Pay-per-view TV is a form of directly profiting from the viewership - The viewer directly pays for the content.
Advertising supported content sites (and please note, I did not make that assumption about their business) are one of the most pure definitions of INDIRECT profiting. They do not get their money directly from those they appear to serve; They get money indirectly via associated advertisers.

If they're not profiting directly from anyone in France, and the money doesn't flow to France, does that change your opinion? You even stated, "If they don't want to follow them they can choose to just not do business there." So if they're not doing business there, then they don't have to follow that law, right?

You might argue that this would mean basically EVERY website is doing business in EVERY country that ANYONE connects to it from. My reply is: Yep.

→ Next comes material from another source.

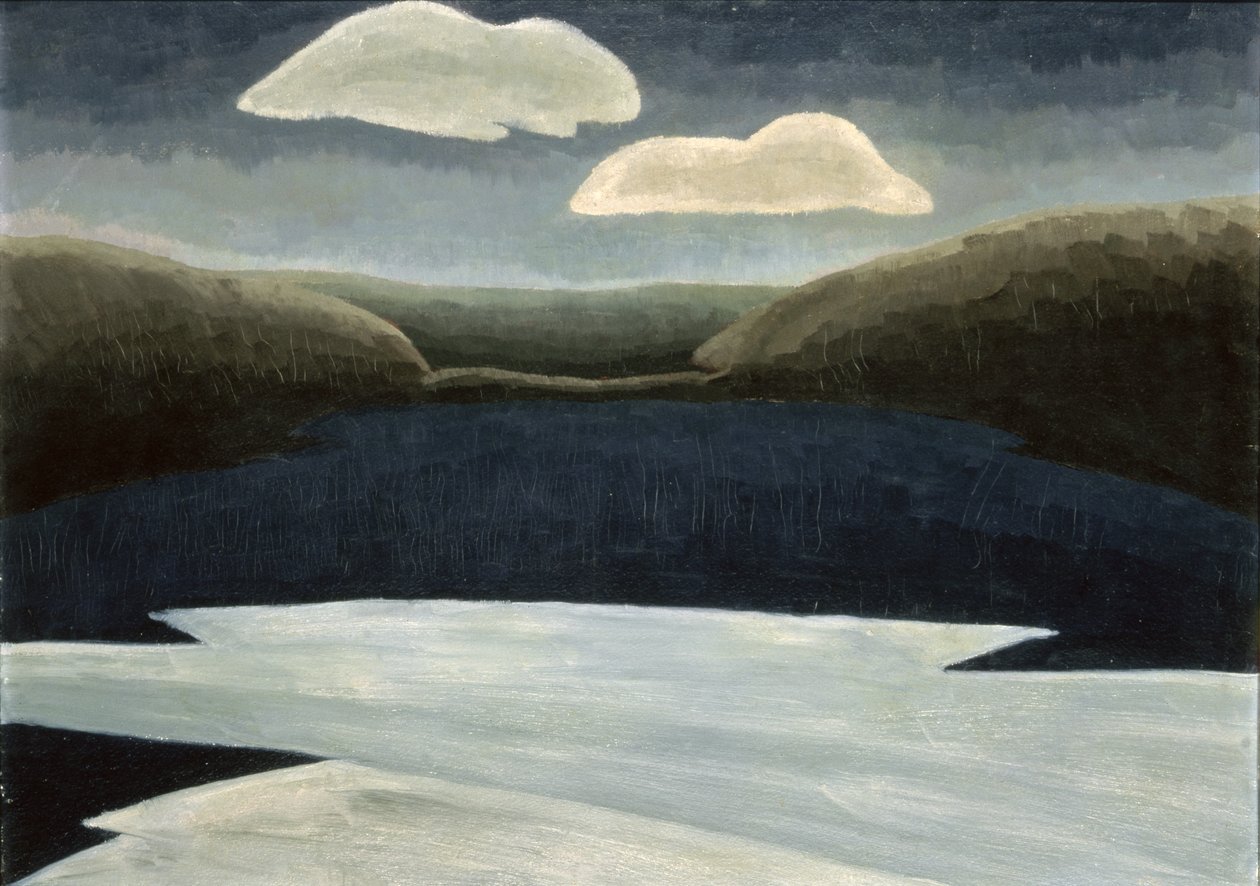 Eis und Wolken von Arthur Garfield Dove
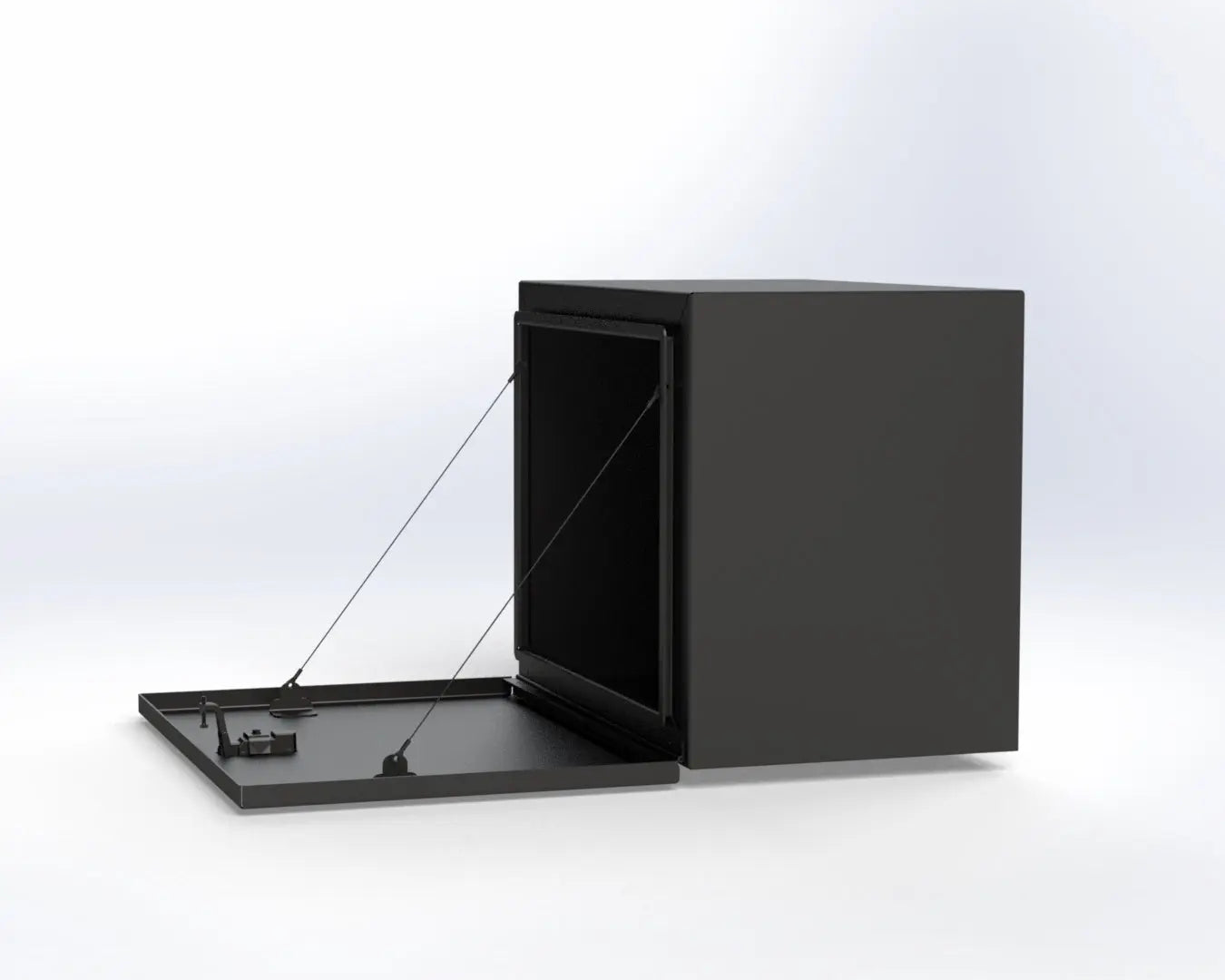 Exterior Box with Drop Down Door Van Wife Components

OH! You're just off your rocker crazy wrong. Got it.
Look, even if you can reason this out, that position is untenable. It's not how things work today, and it would introduce enormous complexities.

On the plus side, at least this is a well defined position; Clearly wrong, but well defined :-P

Comment Re:Buy = mine (Score 1) 111

But it really needs the regulators to get on board and say "Hey, honor the fucking agreement you made with the customer or refund the goddamn money" *or we'll force you to*.

That seems to be part of the problem - that all they have to do is refund the money for that purchase. I don't know how many titles they have pulled, but it can't have been that many (The book 1984 is the only thing that comes to mind, but I know there are others). Point is, it's worth the cost to them to keep the interface simple. You just "buy" it, and if "it" ever goes away AND enough people get upset/sue, then they'll just issue some refunds.

Amazon may even be able to recoup that cost from whomever licensed it to them in the first place. What motivation do they have to change the "buy" button into something else? What change could one make that would make it clear that there is "Rent" and "More-or-less buy it, but it may go away someday without much notice"? And would said change decrease purchases by more than the penalties from stuff like this?

Comment Re: EU jurisdiction ends where? (Score 1) 47

If they're doing business in Europe, then they become liable to follow European laws. If they don't want to follow them they can choose to just not do business there.

Honest question: Are they doing business in Europe? Or is their content simply accessible from Europe and/or accepts posts from Europe? IMO, that makes a world of difference.